“Mr. President,” Greg says. “To what do I owe the pleasure?”
“Just checking on you.” Alex clears his throat. He steps in slowly and crosses his arms. He pretends to be looking at the black-and-white photo on Greg’s wall of Addie and Freddie—Addie riding the carousel a year ago at Woodsen Park, the ballet dress she insisted on wearing that day, her soft bangs, eyes squinting from the sunlight. Freddie standing beside her grinning, long blond hair looking so beachy then, gold hoop earrings, her expression carefree. When was the last time his wife grinned? When have her eyes sparkled like this? Not for two months, at least. Greg thinks of how he just wants to tell her to relax, let me worry about this.

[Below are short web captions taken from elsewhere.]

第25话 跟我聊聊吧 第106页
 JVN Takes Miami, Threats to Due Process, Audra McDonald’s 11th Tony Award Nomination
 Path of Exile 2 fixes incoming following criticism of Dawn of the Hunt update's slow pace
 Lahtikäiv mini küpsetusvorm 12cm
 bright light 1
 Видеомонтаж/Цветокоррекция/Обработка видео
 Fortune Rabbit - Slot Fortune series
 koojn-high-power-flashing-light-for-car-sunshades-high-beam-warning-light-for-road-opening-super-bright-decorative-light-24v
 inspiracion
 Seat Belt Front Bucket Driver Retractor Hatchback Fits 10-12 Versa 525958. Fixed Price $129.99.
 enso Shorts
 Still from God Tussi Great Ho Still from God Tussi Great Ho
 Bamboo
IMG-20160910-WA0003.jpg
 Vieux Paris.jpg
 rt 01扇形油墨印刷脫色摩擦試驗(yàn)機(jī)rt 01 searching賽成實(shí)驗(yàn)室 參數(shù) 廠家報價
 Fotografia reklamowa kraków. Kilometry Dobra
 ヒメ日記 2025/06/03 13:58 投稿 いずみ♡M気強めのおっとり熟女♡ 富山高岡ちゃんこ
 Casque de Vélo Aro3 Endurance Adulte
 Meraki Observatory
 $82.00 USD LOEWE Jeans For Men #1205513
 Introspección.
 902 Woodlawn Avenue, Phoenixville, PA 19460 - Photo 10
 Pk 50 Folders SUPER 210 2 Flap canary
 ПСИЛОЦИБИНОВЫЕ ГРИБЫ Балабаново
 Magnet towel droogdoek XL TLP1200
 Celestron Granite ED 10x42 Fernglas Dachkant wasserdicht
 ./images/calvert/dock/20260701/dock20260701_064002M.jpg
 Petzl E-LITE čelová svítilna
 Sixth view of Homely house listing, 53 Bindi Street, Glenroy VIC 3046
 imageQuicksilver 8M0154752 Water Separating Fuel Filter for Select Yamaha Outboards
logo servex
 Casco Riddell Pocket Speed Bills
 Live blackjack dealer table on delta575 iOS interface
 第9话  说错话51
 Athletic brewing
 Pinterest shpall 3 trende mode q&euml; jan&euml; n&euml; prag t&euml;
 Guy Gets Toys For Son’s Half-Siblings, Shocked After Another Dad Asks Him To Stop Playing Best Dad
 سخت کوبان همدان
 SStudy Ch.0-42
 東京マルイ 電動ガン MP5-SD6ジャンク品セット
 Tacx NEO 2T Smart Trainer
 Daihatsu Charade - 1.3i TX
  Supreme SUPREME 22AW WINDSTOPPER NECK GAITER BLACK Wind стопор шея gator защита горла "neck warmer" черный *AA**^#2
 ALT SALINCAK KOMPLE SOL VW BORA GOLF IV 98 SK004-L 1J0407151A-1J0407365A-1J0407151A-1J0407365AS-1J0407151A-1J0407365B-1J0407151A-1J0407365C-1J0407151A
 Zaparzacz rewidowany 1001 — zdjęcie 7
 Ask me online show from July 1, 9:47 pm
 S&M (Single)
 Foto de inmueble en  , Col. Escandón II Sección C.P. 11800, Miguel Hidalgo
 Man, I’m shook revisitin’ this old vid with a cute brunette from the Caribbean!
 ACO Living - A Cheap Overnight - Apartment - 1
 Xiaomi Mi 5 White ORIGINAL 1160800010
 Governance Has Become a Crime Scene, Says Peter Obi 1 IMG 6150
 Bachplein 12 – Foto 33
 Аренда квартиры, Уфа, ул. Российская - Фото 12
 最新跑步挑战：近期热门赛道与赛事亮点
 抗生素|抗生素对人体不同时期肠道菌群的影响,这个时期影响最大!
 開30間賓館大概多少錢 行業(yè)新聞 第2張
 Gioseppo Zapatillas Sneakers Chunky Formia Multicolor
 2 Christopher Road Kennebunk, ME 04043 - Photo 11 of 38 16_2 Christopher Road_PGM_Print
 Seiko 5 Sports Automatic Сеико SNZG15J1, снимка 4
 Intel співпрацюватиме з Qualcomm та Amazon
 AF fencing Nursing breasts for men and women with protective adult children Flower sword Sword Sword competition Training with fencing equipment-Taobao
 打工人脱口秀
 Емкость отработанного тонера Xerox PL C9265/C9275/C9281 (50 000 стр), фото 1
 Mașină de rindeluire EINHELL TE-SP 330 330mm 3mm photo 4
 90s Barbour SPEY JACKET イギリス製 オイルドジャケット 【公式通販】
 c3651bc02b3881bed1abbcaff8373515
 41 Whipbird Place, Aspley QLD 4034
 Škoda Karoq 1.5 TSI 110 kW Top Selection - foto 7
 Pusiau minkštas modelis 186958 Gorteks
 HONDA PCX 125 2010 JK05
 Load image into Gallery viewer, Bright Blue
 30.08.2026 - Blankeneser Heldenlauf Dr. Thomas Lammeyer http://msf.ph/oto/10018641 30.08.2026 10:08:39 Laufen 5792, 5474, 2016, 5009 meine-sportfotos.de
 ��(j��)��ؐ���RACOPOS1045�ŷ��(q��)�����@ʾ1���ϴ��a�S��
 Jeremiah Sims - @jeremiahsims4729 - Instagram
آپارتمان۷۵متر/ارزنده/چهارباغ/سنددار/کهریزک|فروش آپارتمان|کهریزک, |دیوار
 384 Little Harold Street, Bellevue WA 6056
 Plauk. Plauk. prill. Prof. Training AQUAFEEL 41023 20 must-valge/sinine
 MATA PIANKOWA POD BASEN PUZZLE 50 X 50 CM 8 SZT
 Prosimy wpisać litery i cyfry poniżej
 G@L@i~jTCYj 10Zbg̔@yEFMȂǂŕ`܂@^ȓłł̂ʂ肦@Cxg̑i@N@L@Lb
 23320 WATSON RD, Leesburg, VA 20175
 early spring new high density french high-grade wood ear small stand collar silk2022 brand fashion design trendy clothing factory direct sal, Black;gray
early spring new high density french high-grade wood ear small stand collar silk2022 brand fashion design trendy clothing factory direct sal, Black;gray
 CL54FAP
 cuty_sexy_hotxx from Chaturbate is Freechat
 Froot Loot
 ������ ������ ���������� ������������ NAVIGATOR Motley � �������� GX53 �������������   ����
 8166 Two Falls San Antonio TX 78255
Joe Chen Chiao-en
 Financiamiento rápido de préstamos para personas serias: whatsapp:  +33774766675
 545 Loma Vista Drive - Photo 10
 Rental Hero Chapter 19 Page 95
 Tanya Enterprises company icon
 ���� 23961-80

He used to be able to make her happy so effortlessly (tickling her sides when she was making a salad, or coming out of the bathroom in his silky black robe), but now with all this, he has to worry about her constant fear.
He is weary already, and he hasn’t even started fighting this thing. And now Alex is worried, too? Greg feels like some tragic man in a Greek myth who saddens everyone he meets.
“Checking on me? What am I, a soufflé?” He selects compose on his email. “I’m just in the middle of writing Edie at Home Walls.”
“Greg, what does Freddie say?”
Greg stiffens. He looks up from his computer screen. The empty email window beams at him. “About what?”
“Are you going to keep doing this?”
“Doing what?”
“Doing what,” Alex says. “Avoiding your illness.”
“Illness.”
“Yes, your illness.”
“You make me sound like Emily Dickinson in a white nightgown.” For some reason, he always pictured the poet in bed in a nightgown, scribbling on parchment.
“Oh stop.”
“You stop.” Et tu, Alex, he wants to say. Don’t you know me better than this? Nothing has happened yet. He’s still trying to figure things out. Until then, can’t Freddie and Alex call the dogs off and let him be? He feels betrayed. Haven’t I proven myself to be more than a quivering sick man? Didn’t I oversee a huge merger less than a year ago? Didn’t I save clients who were all but signed off on leaving? Haven’t I kept Freddie and Addie wanting nothing? Just over a year ago, he ran two marathons in one summer. Can’t Greg be the one to tell them when to worry? Don’t they know he will wrestle and clobber this thing? That is who he is.
Alex goes to the door. “Pamela, Mr. Tyler and I are going to have a quick meeting.”
“Sure, Mr. Lionel. Anything you need?” she says outside.
“We’re fine,” Alex says, and closes the door softly.
“Thanks for not broadcasting my illness.” Greg pushes back his desk chair and looks out the window. The leaves are that fully awake color that will only last a day or two. A woman below pushes one of those horrible double-jogging strollers, and he wonders if he will lose the ability to move something like that, to lift the dog into the car, to carry fence posts on his shoulder.
“I want to know what the doctor says, and what we’re going to do. The doctor doesn’t say to do nothing, I assume.”
“Yes, he says I should make jokes about it and keep showing up at work.”
“Then you need a new doctor.” Alex takes off his glasses. His eyes look strange without them. He rubs his cheek and sits in the leather chair in front of Greg’s desk. “What are we talking here—chemo, radiation? Stem cell transplant?”
“All of the above, my friend. You should see the binders I get to read, and all the appointment cards we have on the fridge. It’s just a parade of great stuff waiting for Greggy.”
“I’m sick with worry about you.”
Greg’s stomach flips. “Stop.”
“Stop?”
“Yeah, stop.” He pauses. Looks down at the computer. He pushes his keyboard hard, hard enough to make it skate across the desk, and puts his arms behind his head. “I’m not worried, so you shouldn’t be.”
Alex does a half laugh, half sigh. “You’re not worried?”
“No, do I look worried?” He tries to flex his chest, his arms, as though he is standing at attention for some type of military inspection.
“Yes, I think you do.”
“I shouldn’t have even mentioned this to you.” He shakes his head. “You’re treating me like that egg experiment I did in high school.”
“I want to help. I’ll get you in to any specialist. I’ll hire a consultant who can explain every medical term at your appointments. Shoot, if I have to fly you to Switzerland, I will. I think of you as a son. You know that.” His voice wavers with emotion when he says this.